Volume 1
Capítulo 12
Caminho para o segundo andar e vejo diversas portas, várias levam para um quarto vazio, já a última desse corredor dá diretamente para o banheiro. Ele é enorme, com água quente para que eu possa me limpar, mas…
— Por que… elas estão aqui? — pergunto, encarando as mulheres vestidas de empregadas com buchas e escovas.
— Viemos te ajudar a se limpar, jovem mestre.
— Jo-Jovem mestre?! — Elas se aproximam arrancando meus trapos. — Espere… — Eu coro. — POR QUE ESTÃO TIRANDO MINHA ROUPA ASSIM DO NADA? — Tento fugir pela porta, porém sou impedido pelo mordomo, que bloqueia a saída com seu corpo.
— A senhorita Agnes disse para lhe dar o melhor tratamento possível — ao mesmo tempo que o velho fala, as empregadas retiram minhas roupas, mostrando minha pele desnutrida e com alguns hematomas.
— Eu consigo banhar sozinho — resmungo para as moças, que retribuem com sorrisos enormes.
Depois do banho, o mordomo me traz roupas limpas: uma bermuda preta com alças, uma blusa de botões branca e um sapato marrom.
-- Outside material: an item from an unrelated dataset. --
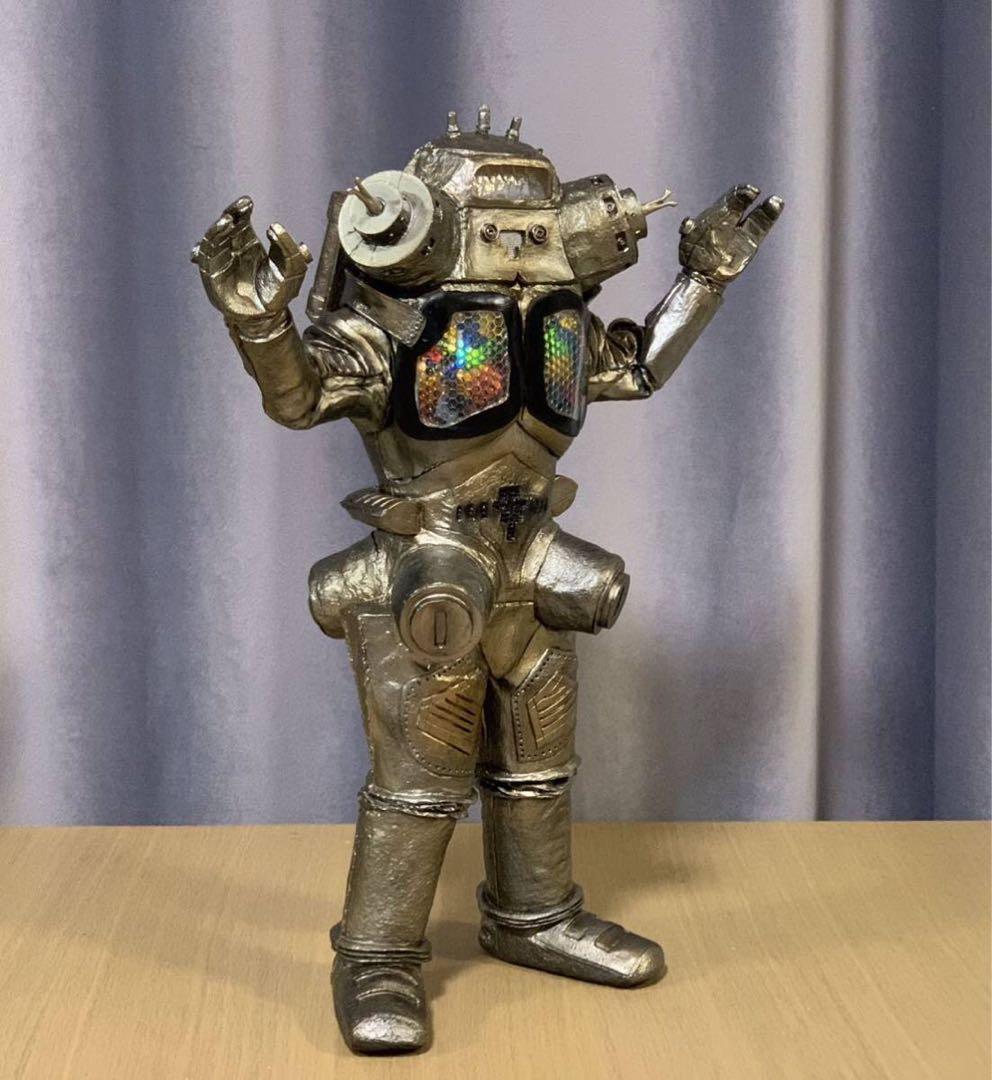 35CM キングジョー 電飾付 痛快娯楽劇場 ウルトラセブン ウルトラマン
Vestido, me guiam novamente para o primeiro andar. Caminho entre os cômodos, até chegar em uma sala de jantar, talvez seja o maior aposento da mansão.
No meio, há uma mesa que vai de um lado até o outro da sala de jantar, feita de vidro transparente e desenhos rúnicos estranhos, rodeada de cadeiras de madeira branca e almofadas azuis. Sentada na ponta está Agnes, com um vestido roxo de seda, cabelos amarrados e sapatilhas brancas.
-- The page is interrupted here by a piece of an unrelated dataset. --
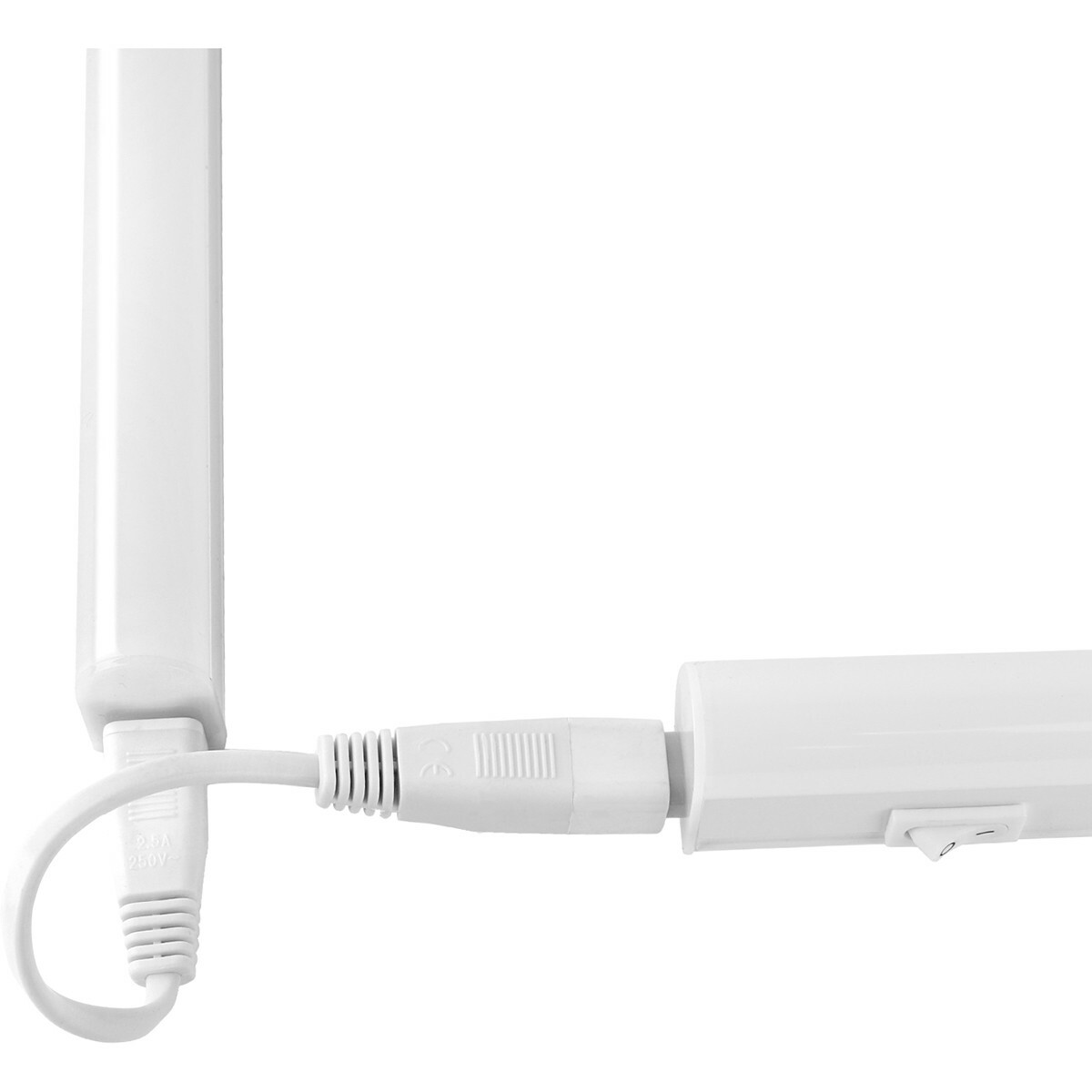 Réglette LED avec Tube T5 - Aigi Timola - 30cm Simple - 4W - Connectable - Blanc Froid 6500K - Mat Blanc - Plastique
— Vamos, sinta-se à vontade. Deve estar com fome…, não? — fala.
Minha boca saliva, a fome que estou sentindo impacta ainda mais nas minhas razões. Pulo à mesa como uma fera faminta e começo a comer tudo que tem pela frente. Fatias de bolo, pudim de ameixa, camarões, cozidos de carne, torta de maçã, vitela, pão de nozes e outras coisas. Observo-a pegar algumas fatias de pão com delicadeza, movimentos suaves e sutis, algo inesperado para mim. Sua etiqueta fica visível no mesmo instante que a vejo levantar o copo de suco, mantendo a postura ereta e bebendo tranquilamente.
— Olhando assim, você parece uma dama de verdade — falo com a boca cheia de comida.
— COMO ASSIM?! EU SOU UMA DAMA DE VERDADE! — Exaltada, joga uma perna de caranguejo em mim, forçando-me a desviar o rosto.
O mordomo deixa escapar um breve riso. Ela o olha ferozmente, fazendo-o endireitar sua postura imediatamente.
— Essa roupa até ficou bonita em você.
— Obrigada…
— Nem parece aquela brutamontes que vi alguns minutos atrás.
— …Eu vou te matar, pirralho. Escreva o que digo. — Seus olhos semicerram e suas sobrancelhas franzem.
Longos minutos se passam de paz e harmonia entre nós dois. O mordomo limpa a bagunça que Agnes fez ao ficar tentando me acertar com restos de comida.
— Parecem irmãos brigando, céus. — Escuto seu resmungo de longe.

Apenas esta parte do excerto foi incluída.